▸ **Data to process**:
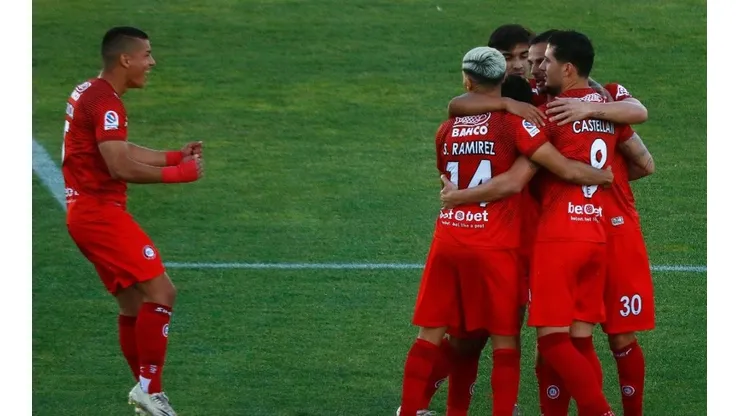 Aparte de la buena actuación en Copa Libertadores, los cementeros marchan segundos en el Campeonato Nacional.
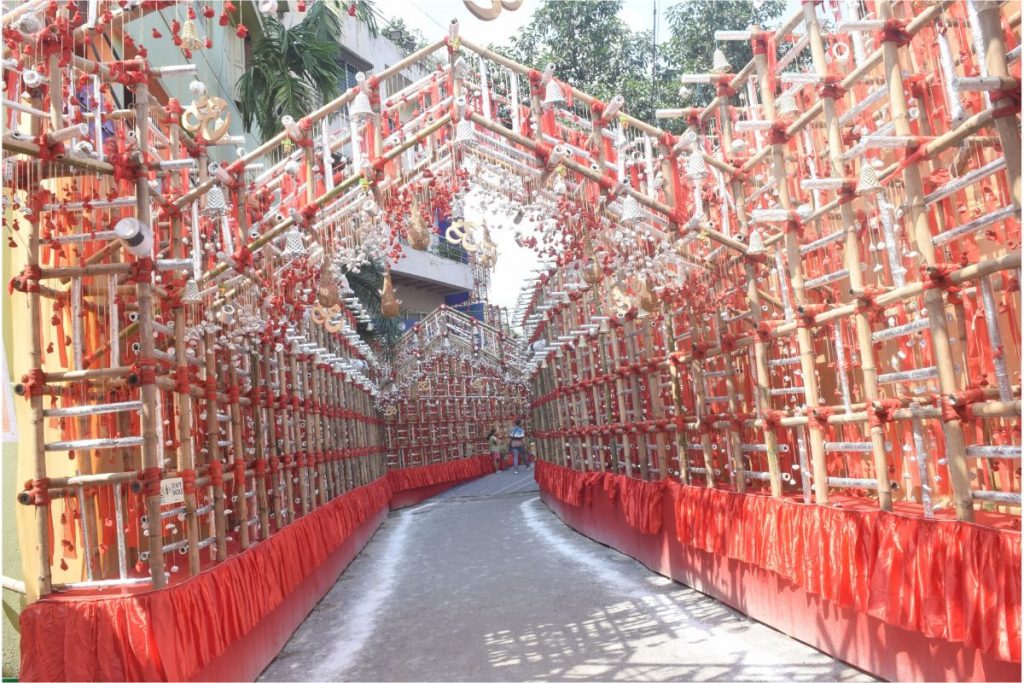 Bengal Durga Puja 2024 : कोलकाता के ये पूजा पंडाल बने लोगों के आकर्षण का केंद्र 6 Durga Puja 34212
==
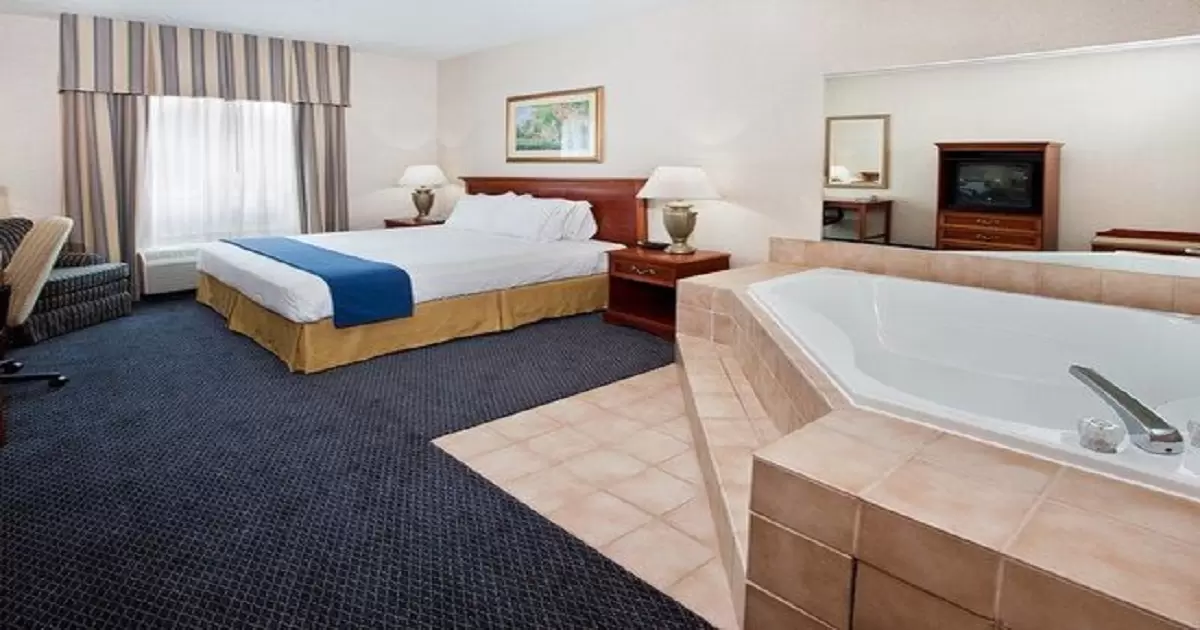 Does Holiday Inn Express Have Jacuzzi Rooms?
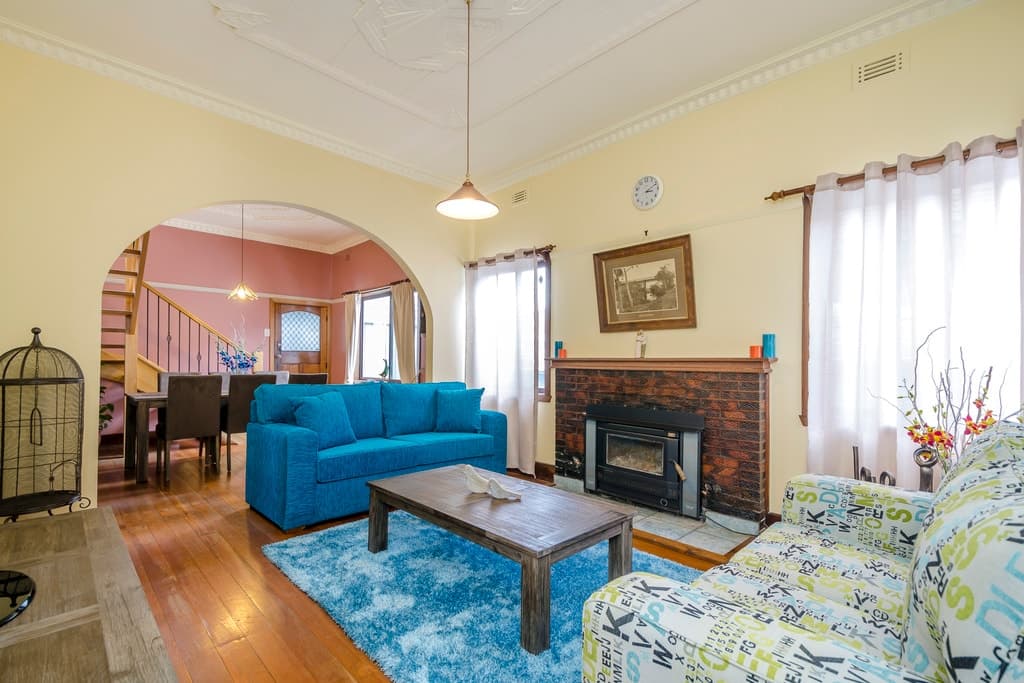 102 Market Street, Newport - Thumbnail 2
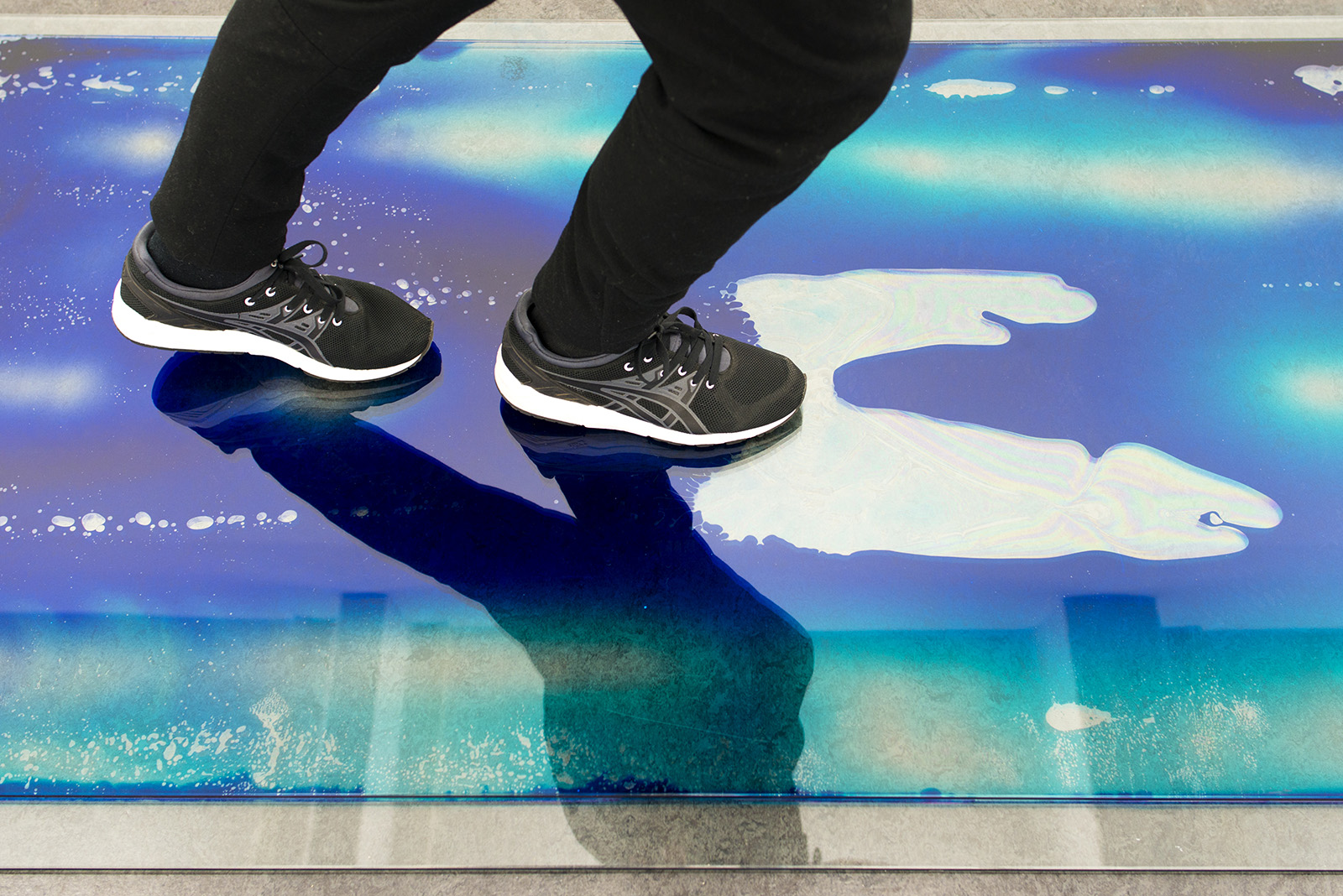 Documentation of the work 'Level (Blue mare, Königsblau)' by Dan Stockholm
==
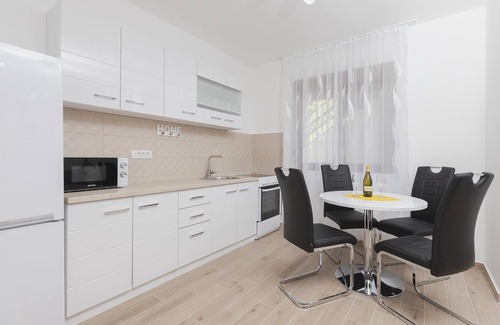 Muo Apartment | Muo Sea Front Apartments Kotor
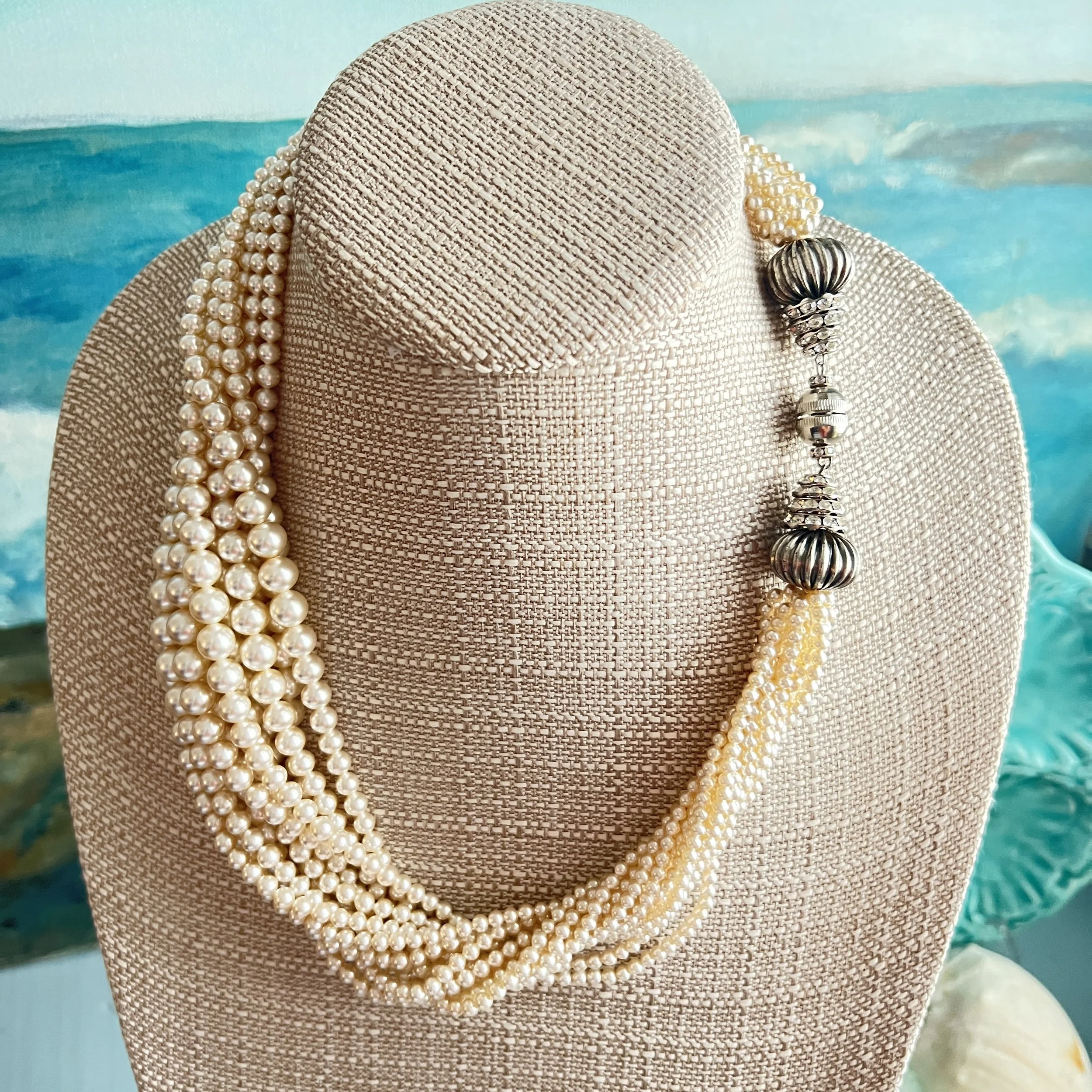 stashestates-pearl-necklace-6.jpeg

▸ **What you have to do**: Both the line above containing "Aparte de la" and the line containing "Bengal Durga Puja" belong in the copy, along with every line between them; print these exactly and omit the pictures.

▸ **Exercise output**:
 Aparte de la buena actuación en Copa Libertadores, los cementeros marchan segundos en el Campeonato Nacional.
 Bengal Durga Puja 2024 : कोलकाता के ये पूजा पंडाल बने लोगों के आकर्षण का केंद्र 6 Durga Puja 34212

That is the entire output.